SAN FRANCISCO, June 30, 2010 /PRNewswire via COMTEX/ —
Digital Realty Trust, Inc. (the “Company”) (NYSE:DLR, news, filings) announced today that its operating partnership subsidiary, Digital Realty Trust, L.P. (the “Operating Partnership”), intends to commence a private placement of Notes due 2015 (the “Notes”), subject to market and other customary conditions. The Notes will be senior unsecured obligations of the Operating Partnership and will be fully and unconditionally guaranteed by the Company. The interest rate and offering price are to be determined by negotiations between the Operating Partnership and the initial purchasers of the Notes.
The Operating Partnership intends to use the net proceeds from the offering to fund a portion of the acquisition of a five-property data center portfolio located in California, Arizona and Virginia, which it refers to as the Rockwood Capital/365 Main Portfolio, or to acquire additional properties, to fund development and redevelopment opportunities and for general working capital purposes, including potentially for the repurchase, redemption or retirement of outstanding debt or preferred securities.
The Notes will be sold to qualified institutional buyers in reliance on Rule 144A under the Securities Act of 1933, as amended (the “Securities Act”), and outside the United States in reliance on Regulation S under the Securities Act. The Notes have not been registered under the Securities Act or any state securities laws and may not be offered or sold in the United States absent registration or an applicable exemption from registration requirements. This release shall not constitute an offer to sell or a solicitation of an offer to buy any of these securities, nor shall it constitute an offer, solicitation or sale in any jurisdiction in which such offer, solicitation or sale is unlawful.

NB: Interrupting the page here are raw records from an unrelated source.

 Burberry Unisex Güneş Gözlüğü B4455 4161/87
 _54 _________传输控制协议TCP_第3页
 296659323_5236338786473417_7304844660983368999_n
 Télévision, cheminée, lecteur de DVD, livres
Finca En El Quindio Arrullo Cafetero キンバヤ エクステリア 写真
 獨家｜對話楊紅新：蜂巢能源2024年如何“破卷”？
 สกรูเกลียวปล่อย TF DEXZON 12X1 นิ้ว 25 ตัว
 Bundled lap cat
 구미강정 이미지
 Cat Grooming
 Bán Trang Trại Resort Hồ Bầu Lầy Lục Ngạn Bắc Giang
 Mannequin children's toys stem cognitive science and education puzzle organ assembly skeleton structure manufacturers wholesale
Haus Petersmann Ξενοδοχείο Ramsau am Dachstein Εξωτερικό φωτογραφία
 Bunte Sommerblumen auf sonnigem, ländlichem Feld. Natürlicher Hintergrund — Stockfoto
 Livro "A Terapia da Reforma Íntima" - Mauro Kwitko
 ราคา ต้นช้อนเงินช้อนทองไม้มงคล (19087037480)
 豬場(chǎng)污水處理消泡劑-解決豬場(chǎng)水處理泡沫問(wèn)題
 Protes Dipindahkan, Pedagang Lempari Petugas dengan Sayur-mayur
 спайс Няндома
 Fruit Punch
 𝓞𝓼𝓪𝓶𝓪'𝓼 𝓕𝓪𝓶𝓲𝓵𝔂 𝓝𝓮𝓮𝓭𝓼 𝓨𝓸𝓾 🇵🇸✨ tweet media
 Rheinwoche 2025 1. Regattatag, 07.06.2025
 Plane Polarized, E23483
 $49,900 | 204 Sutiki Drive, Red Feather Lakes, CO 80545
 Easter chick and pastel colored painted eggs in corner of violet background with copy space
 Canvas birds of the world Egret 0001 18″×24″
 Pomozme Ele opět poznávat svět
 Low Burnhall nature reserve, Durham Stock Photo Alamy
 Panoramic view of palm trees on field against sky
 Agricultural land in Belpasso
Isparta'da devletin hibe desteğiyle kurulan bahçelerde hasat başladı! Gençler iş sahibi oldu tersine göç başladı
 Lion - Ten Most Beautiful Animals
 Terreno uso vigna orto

This press release contains forward-looking statements, including statements related to the offering and the expected use of the net proceeds, which are based on current expectations, forecasts and assumptions that involve risks and uncertainties that could cause actual outcomes and results to differ materially. These risks and uncertainties are further described in the reports and other filings by the Company and the Operating Partnership with the United States Securities and Exchange Commission, including the Company’s annual report on Form 10-K for the year ended December 31, 2009, the Company’s quarterly report on Form 10-Q for the quarter ended March 31, 2010 and the Operating Partnership’s Form 10 filed on June 25, 2010. The Company disclaims any intention or obligation to update or revise any forward-looking statements, whether as a result of new information, future events or otherwise.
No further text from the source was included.